Aston Martin Vanquish

Aston Martin Vanquish Aston Martin Vanquish
First Drive Review

The mission of this car is to outrun the Ferrari 550 Maranello. Is that a tall order, or what? Car and Driver has heaped praise on the front-engined, two-seat Ferrari, and our editor-in-chief drove one to a world record by averaging 190.132 mph over a 100-mile distance (C/D, February 1999).

Comes now this new Aston Martin, due here next summer. Even its name indicates its ambition: Vanquish. Aston Martin is to its owner, Ford, as Ferrari is to its owner, Fiat -- a boutique where performance, style, and exclusivity outweigh practical considerations such as price or value for money. Not long ago, Aston was a very small-time producer, handcrafting hefty coupes and convertibles powered by an aging V-8 engine. The '97 DB7 has moved it into a different league, but total production is still only 1000 cars a year.

Now, under newly appointed chief executive Dr. Ulrich Bez, who has worked for BMW Technik, Porsche R&D in Weissach, and Daewoo, there is a plan for a third model. It should carry the price, if not the layout, of the Porsche 911. But before that, Aston has to recapture the high ground that it owned long ago. The big "V" cars, successors to the race-bred Astons of the 1960s, had become dinosaurs. They were banned from these shores because of their excessive emissions.

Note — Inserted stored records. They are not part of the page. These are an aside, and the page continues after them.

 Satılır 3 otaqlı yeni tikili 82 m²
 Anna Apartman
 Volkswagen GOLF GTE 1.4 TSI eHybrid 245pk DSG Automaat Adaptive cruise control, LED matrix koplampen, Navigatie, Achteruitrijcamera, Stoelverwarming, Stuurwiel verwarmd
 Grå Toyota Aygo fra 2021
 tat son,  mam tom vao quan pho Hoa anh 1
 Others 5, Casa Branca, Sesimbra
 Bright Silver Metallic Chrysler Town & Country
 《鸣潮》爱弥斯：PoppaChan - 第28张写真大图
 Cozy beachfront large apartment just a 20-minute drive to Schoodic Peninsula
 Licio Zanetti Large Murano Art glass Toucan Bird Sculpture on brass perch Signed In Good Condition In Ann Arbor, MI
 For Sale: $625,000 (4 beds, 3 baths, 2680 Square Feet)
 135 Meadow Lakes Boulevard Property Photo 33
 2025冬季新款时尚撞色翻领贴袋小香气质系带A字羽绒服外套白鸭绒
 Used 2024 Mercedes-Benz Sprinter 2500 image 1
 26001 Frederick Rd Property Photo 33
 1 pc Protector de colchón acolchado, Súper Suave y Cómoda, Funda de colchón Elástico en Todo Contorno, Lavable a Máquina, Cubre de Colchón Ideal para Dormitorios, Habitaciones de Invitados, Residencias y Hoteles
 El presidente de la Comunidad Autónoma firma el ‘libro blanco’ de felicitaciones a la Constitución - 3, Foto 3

Project Vantage, unveiled at the '98 Detroit show, was designed to demonstrate how the traditional Aston could embrace modern technology. It had the 6.0-liter V-12 engine that has since been adapted for the DB7 Vantage, a paddle-shifting semiautomatic transmission, a chassis made of aluminum and carbon fiber, and another beautiful coupe body shaped by DB7 designer Ian Callum, the styling boss of both Jaguar and Aston.

After its enthusiastic reception in Detroit, Ford's bosses, keen to encourage Aston as a kind of research division to develop new technologies, sanctioned turning Project Vantage into a production prototype. There was one condition -- the exterior shape was to remain the same.

And so it is, although in practice, every panel and feature is slightly different. The cocktail of materials used for the body and chassis is the same as the one found in the concept car, but mixed differently.

Let's examine the chassis first. The main frame, floor, and bulkheads are made from interlocking and bonded-together beams of extruded aluminum, with the important addition of a center tunnel of carbon fiber forming a backbone, which is bonded to the hull. The aluminum structure is much like that of the Lotus Elise, so it is not surprising to find that the supplier, Hydro Automotive Structures, is the same, or that Lotus played an important part in the development of the Vanquish.

This immensely stiff and strong "tub" weighs 250 pounds. Steel subframes carry the engine and the front and rear suspensions. The body sides, including the door and window frames, are fiberglass preformed by resin transfer molding, but the A-pillars are carbon fiber woven by a spinning machine around a foam core and bonded into the aluminum frame. The larger skin panels are aluminum intricately shaped by the "superform" process, and the roof is stamped aluminum, bonded to the side members.

So this is not your traditional Aston with a locomotive chassis and alloy body shaped by hand and eye. The company likes to say the Vanquish is the most technically sophisticated car it has ever built. There is not much doubt about that. But in its quaint British way, the engine is described as "Stage 2" tune -- leaving the intriguing possibility of further development for a deliriously alliterative Vanquish Vantage at a later date.

For now, Stage 2 means 450 horsepower, 36 more than the DB7 Vantage's output, thanks to a lighter valvetrain, new camshafts, a stronger but lighter crankshaft, different intake manifolds, and attention to the electronics. Getting the control computers for the 12-cylinder engine and its drive-by-wire throttle, the robotized Tremec six-speed gearbox, and the ABS and traction control to work in concert was one of the more formidable aspects of this car's development.